In the face of continued, albeit moderating, growth in its principal service areas of Nevada and Arizona, Las Vegas, NV-based Southwest Gas Corp. gained a revised positive outlook and a triple-B (BBB-) credit rating Wednesday from Standard & Poor’s Ratings Services (S&P). S&P cited a stronger cash flow and declining overall debt.
“Southwest Gas has made significant progress toward reducing its historically high debt leverage and will likely make further progress as a result of strong internal cash flows, minimal debt financing and regular equity infusions,” according to S&P analyst Leo Carrillo.
Last month, Southwest reported earnings for last year that nearly doubled — $83.9 million, or $2.07/share, compared with $43.8 million, or $1.15/share in 2005. CEO Jeffrey Shaw called 2006 “a very encouraging year” that showed solid improvements, but he thinks more progress can, and will, be needed.

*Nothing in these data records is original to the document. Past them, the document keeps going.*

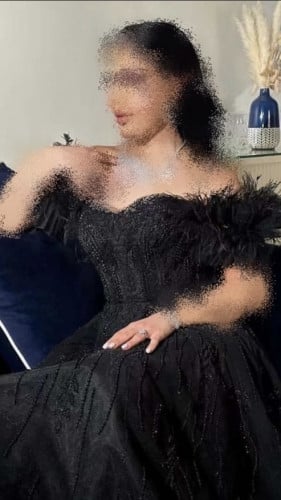 فستان بقصة كلوش مطرز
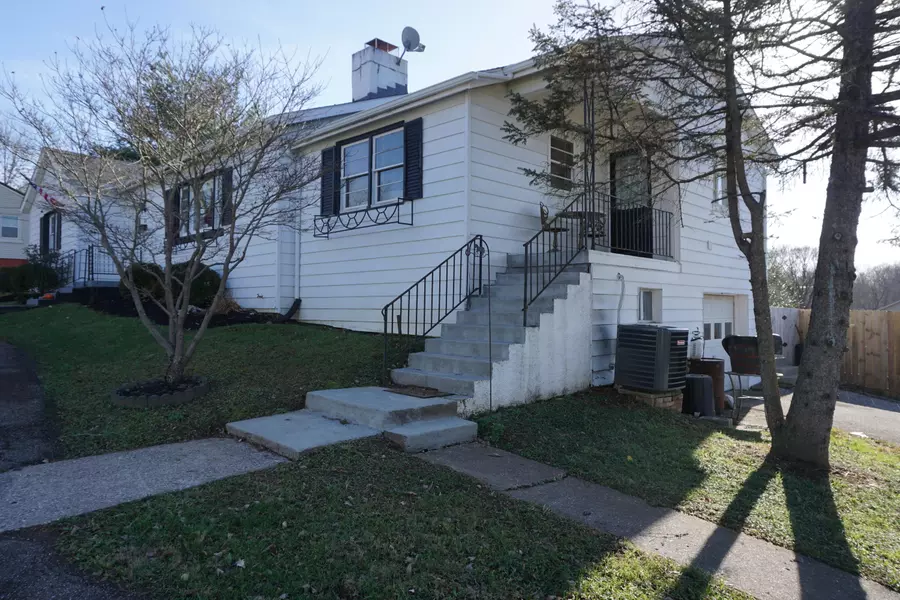 220 Rolling Acres Drive, Frankfort, KY 40601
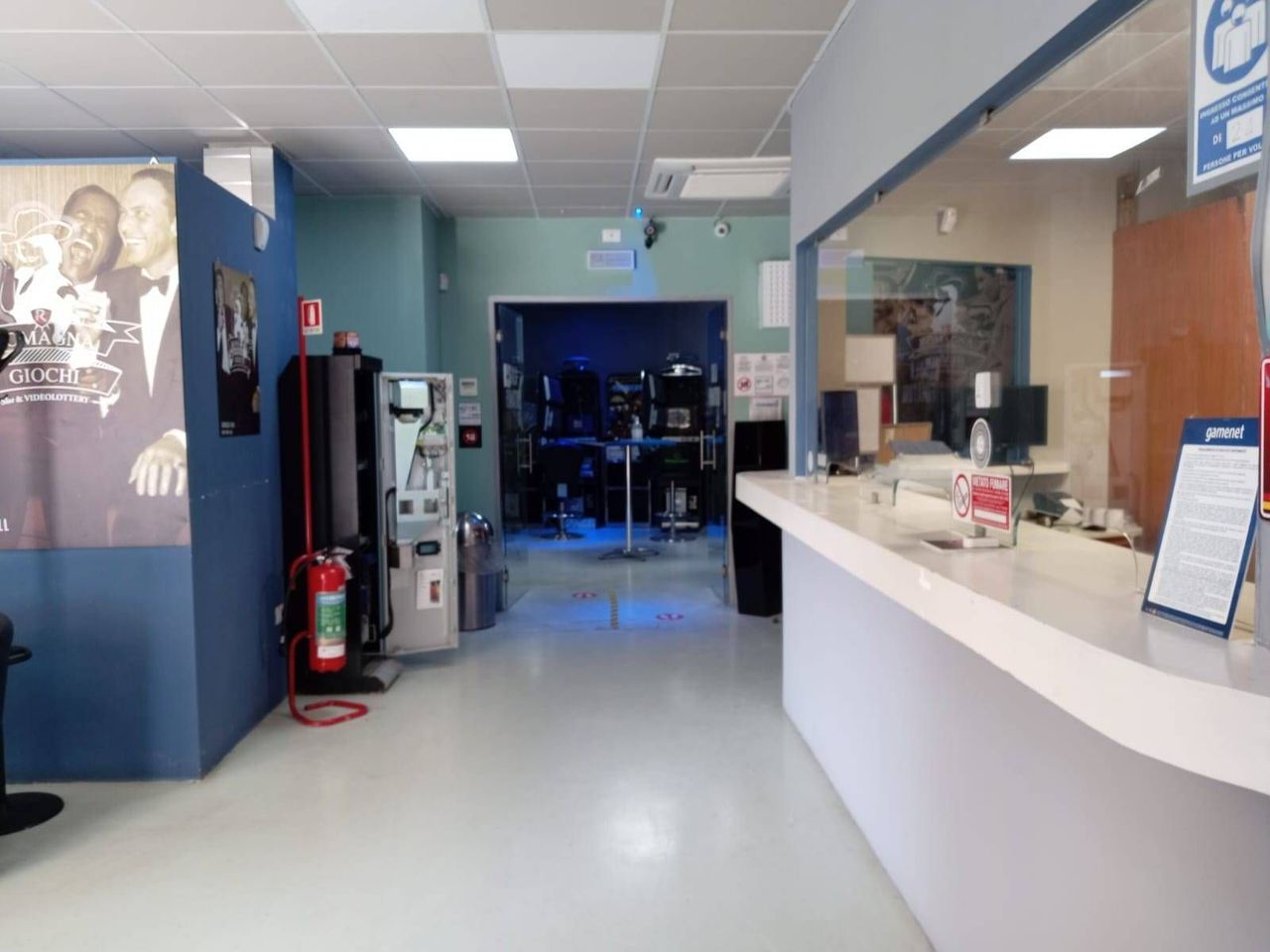 Esercizio commerciale in Via Livornese, Casciana Terme Lari, {3} - Foto 2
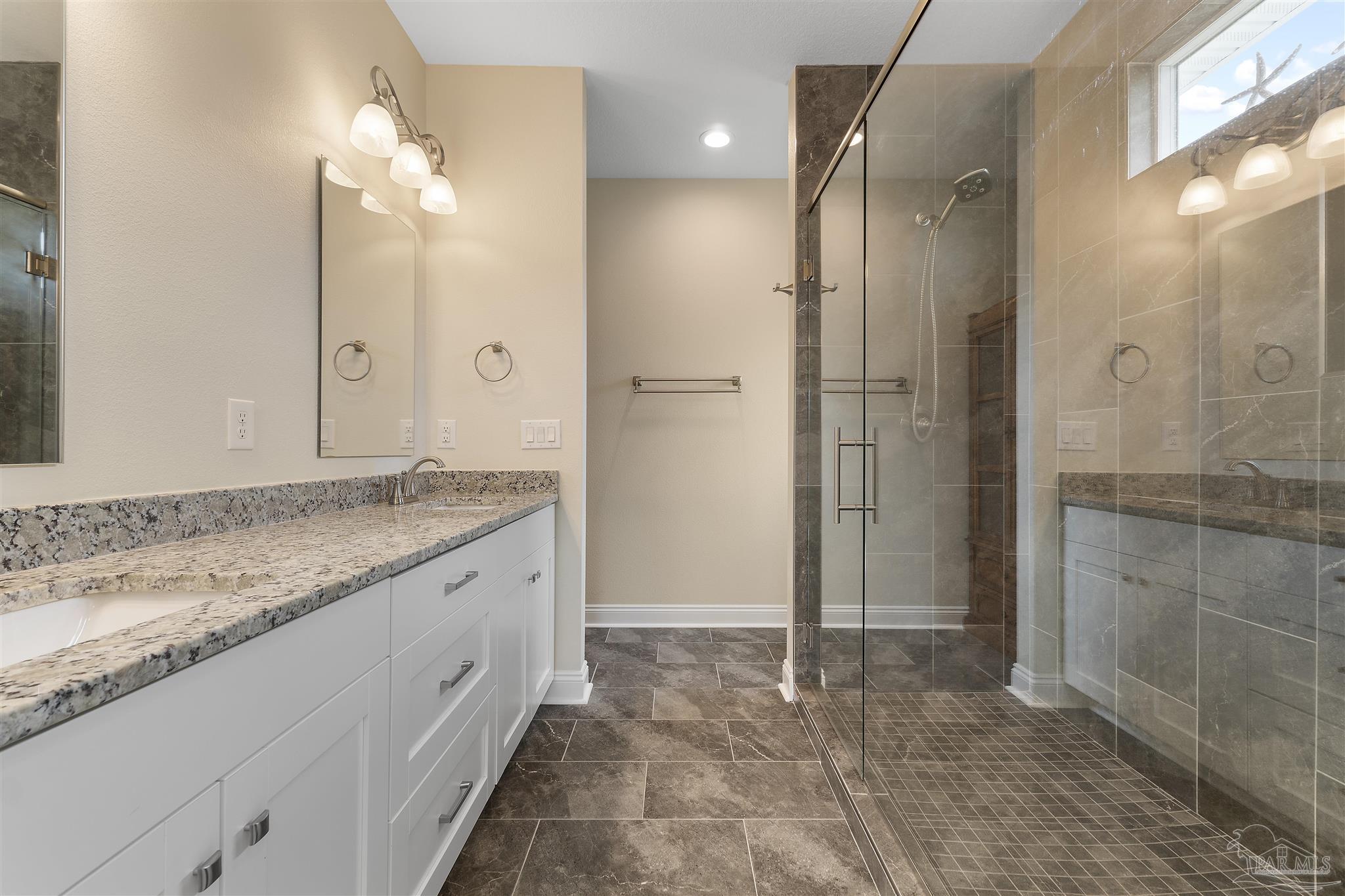 4345 Jaetin Ct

“The operating results show that our principal strategies are working; however, there is still improvement to be made,” Shaw said at the time of the earnings announcement. “We hope to continue to work with regulators to improve the level and stability of earnings and cash flows going forward.”
Rate treatment will be critical, according to S&P’s Carrillo, who said this will be an important consideration in establishing future credit ratings. Rates will be even more critical if growth begins to slow in Nevada, as many observers, including Southwest Gas officials, think will happen.
Gas storage has become more of an issue, too, particularly in Arizona where the utility has none. In response to analysts’ questions at its year-end earnings conference call last month, Southwest officials said in Arizona storage is a “continuing issue for us and all other entities to take a good hard look at in the region. It is something that we are exploring.”
Southwest’s Bill Moody, vice president of resources, said there was one active project being pursued in the storage area by El Paso Natural Gas, but it has an anticipated completion of 2011. Other salt dome projects in the Texas Basin could be completed in 2009 depending on what upcoming open seasons bring, Moody said.
Southwest Gas is the largest gas distributor for both Nevada and Arizona, and it serves some remote but growing areas in the eastern high desert and mountain areas of California. At the end of 2006, the utility had about $1.4 billion in debt outstanding.